None of the attacks has been claimed but Washington has repeatedly blamed Iran-backed military factions in Iraq.

 

...

 

https://amp.theguardian.com/world/2020/jan/27/us-embassy-iraq-rocket-attack-injuries
Posted

To be fair, many of these are delayed results. Some are only now showing up for the first time. It also may have been difficult to determine who was suffering concussion, and who were just in shock for being shot at for the first time.

 

All that said, for a President running his mouth regularly about taking military action against iran, it's not exactly convincing when they are being less than forthcoming about injuries to US servicemen. It smacks of Johnson and the USS Liberty.

Posted

How do you have a missile attack with no physically wounded but 50 "traumatic brain injuries"? I'm curious as to the specifics of how they were injured and just how wide a range of effects are considered TBIs?

Posted

How do you have a missile attack with no physically wounded but 50 "traumatic brain injuries"? I'm curious as to the specifics of how they were injured and just how wide a range of effects are considered TBIs?

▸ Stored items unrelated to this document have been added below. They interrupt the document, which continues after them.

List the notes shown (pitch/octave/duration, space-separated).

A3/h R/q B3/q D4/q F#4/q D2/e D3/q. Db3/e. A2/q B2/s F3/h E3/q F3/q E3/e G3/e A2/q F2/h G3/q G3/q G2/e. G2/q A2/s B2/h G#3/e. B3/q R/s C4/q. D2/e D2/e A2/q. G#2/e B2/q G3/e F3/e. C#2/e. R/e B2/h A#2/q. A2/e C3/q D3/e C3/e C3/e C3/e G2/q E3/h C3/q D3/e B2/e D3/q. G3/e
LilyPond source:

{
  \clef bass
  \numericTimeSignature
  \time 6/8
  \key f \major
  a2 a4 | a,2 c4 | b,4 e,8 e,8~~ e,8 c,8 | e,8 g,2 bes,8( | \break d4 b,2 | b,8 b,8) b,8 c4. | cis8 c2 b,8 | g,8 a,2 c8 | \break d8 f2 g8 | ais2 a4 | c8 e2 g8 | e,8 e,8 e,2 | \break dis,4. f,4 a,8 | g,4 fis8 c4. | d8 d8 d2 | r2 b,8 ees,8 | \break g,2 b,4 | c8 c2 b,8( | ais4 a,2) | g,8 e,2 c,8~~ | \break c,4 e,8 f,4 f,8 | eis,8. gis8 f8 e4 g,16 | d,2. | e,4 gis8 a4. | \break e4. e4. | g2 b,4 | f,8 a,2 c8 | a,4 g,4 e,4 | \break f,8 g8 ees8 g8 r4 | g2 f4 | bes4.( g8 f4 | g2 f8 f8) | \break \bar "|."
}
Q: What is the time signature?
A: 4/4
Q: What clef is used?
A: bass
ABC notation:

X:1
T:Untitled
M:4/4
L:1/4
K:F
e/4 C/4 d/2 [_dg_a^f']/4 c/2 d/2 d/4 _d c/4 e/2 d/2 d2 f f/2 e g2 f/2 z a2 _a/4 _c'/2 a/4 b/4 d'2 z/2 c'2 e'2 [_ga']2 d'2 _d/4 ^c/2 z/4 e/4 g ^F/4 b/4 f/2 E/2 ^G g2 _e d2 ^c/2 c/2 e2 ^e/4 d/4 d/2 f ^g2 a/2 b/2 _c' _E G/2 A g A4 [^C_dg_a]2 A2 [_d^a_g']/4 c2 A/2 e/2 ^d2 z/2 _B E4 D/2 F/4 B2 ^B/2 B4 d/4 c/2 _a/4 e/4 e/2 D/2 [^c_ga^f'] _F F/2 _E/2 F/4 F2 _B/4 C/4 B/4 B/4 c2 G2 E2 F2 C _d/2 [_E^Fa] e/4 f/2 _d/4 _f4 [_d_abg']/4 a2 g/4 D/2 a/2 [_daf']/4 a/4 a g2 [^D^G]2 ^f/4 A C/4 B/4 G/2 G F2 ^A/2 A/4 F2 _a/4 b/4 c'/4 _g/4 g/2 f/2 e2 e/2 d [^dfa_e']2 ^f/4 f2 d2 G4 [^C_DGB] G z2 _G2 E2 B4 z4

First you use hyperbole, and then you sprinkle in the snowflake generation that believes a headache is a symptom of a traumatic brain injury. Crews that service towed howitzers routinely have their bells rung. Years ago when tank crew evaluators rode the top of tank turrets, we routinely had head aches from the concussive effects of the main gun firing. I recall, as do so many other tankers, the punch in the gut each time a neighboring tank fired. Well, if we were feeling it in our abdomens, think what our brains may have been experiencing. I'm guessing tens, nay hundreds of thousands, of current and former service members around the globe are right now suffering from "Traumatic" brain injuries.

Posted

 

How do you have a missile attack with no physically wounded but 50 "traumatic brain injuries"? I'm curious as to the specifics of how they were injured and just how wide a range of effects are considered TBIs?

First you use hyperbole, and then you sprinkle in the snowflake generation that believes a headache is a symptom of a traumatic brain injury. Crews that service towed howitzers routinely have their bells rung. Years ago when tank crew evaluators rode the top of tank turrets, we routinely had head aches from the concussive effects of the main gun firing. I recall, as do so many other tankers, the punch in the gut each time a neighboring tank fired. Well, if we were feeling it in our abdomens, think what our brains may have been experiencing. I'm guessing tens, nay hundreds of thousands, of current and former service members around the globe are right now suffering from "Traumatic" brain injuries.

 

They probably are like many contact sports athletes are from repeated physical contact.